In his answer, defendant generally denies the allegations of plaintiff’s petition and, further, asks that the Department of Public Safety be made defendant in reconvention. The record shows, however, that no service nor citation was ever made upon the Department of Public Safety.

FACTS

Plaintiff was the owner of a 1974 Cutlass automobile, having purchased this car new for Four Thousand, Seven Hundred Dollars ($4,700.00), and in October of 1979, he brought said car to the defendant to have the transmission replaced. Defendant contradicts this and states that plaintiff authorized him to either repair or replace said transmission. A dispute developed between the parties when plaintiff returned for his vehicle and he refused to pay the defendant the full amount of his repairs, since his requested work was not performed. Additionally, attempts were made by plaintiff to obtain his vehicle without success, and later, the defendant sold plaintiff’s automobile under the Louisiana Stored Motor Vehicle Law.

Plaintiff and two of his witnesses, Mr. Hilliard and Mr. James, testified that plaintiff returned to defendant’s shop to obtain his vehicle and to pay the bill, but that the defendant refused to permit plaintiff to obtain his vehicle, and advised plaintiff that the ear was his.

Subsequently, after proceeding under the provisions of R.S. 32:521, et seq., the defendant received from the Motor Vehicle Department a permit to sell and then title the vehicle in his own name.

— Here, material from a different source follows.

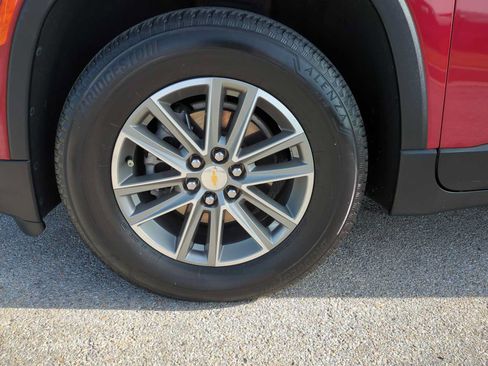 Used 2023 Chevrolet Traverse LT FWD image 31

The vehicle was later sold to Mr. Clark Nickens on February 25, 1980, for One Thousand Dollars ($1,000.00).

FINDINGS

In the Court’s view, the central issue involved in this case is whether or not Louisiana’s Stored Motor Vehicle Law applies to the facts of this case and affords to the defendant the remedy which he availed himself of.

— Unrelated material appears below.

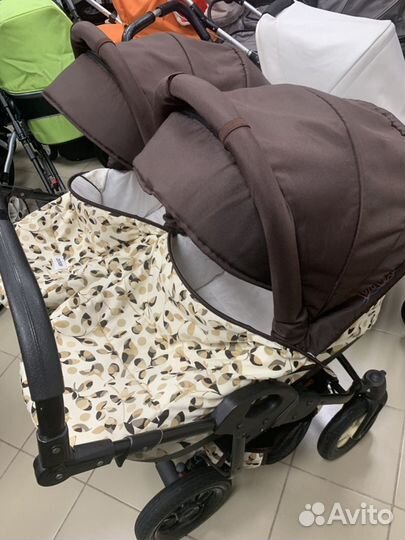 Коляска для двойни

In his memorandum, the defendant cites the case of Thompson v. Wormack, 231 So.2d 636, which is a 1970 case from the Third Circuit Court of Appeal, for the proposition that the artisan who has repaired an article may retain the same until his bill is paid and the repairman may proceed to have the thing sold under his privilege where the debt has not been paid. This remedy to the repairman is conferred under Article 3217 of the Civil Code and under Louisiana R.S. 9:4501. The proper remedy or procedure available to defendant would have been to proceed under R.S. 9:4501, et seq., and to have the vehicle sold under the privilege afforded him herein. It is the Court’s opinion that the Louisiana Stored Motor Vehicle Law does not apply to the facts of this case and that the defendant was not authorized to proceed under this legislation. Having failed to do so, the actions of the defendant in this case constitutes an illegal conversion of plaintiff’s property, which subjects him to damages under Article 2315 of the Civil Code.

DAMAGES

Plaintiff testified that he purchased the vehicle new, for Four Thousand, Seven Hundred Dollars ($4,700.00). Mr. Bennett, who qualified as an expert used car appraiser, testified that, in his opinion, the car was valued at Two Thousand, Three Hundred Dollars ($2,300.00) in May of 1979. The date on which plaintiff delivered his vehicle to the defendant was October 30, 1979; therefore, this would involve a depreciation of approximately five or six months since *10the date of the appraisal. The Court feels that an allowance of Six Hundred Dollars ($600.00) for this depreciation interval is reasonable, leaving a net value of One Thousand, Seven Hundred Dollars ($1)700.00) for this item. The Court feels that a fair value for the various items claimed by the plaintiff is Two Hundred Dollars ($200.00), plus the sum of Five Hundred Dollars ($500.00) for the inconvenience, embarrassment and humiliation of being without a car for approximately four months, and having to depend on friends for transportation. The Court will not allow any claim for attorneys fees, because there has been no showing that attorneys fees are provided for in this instance.

Judgment will be signed accordingly.”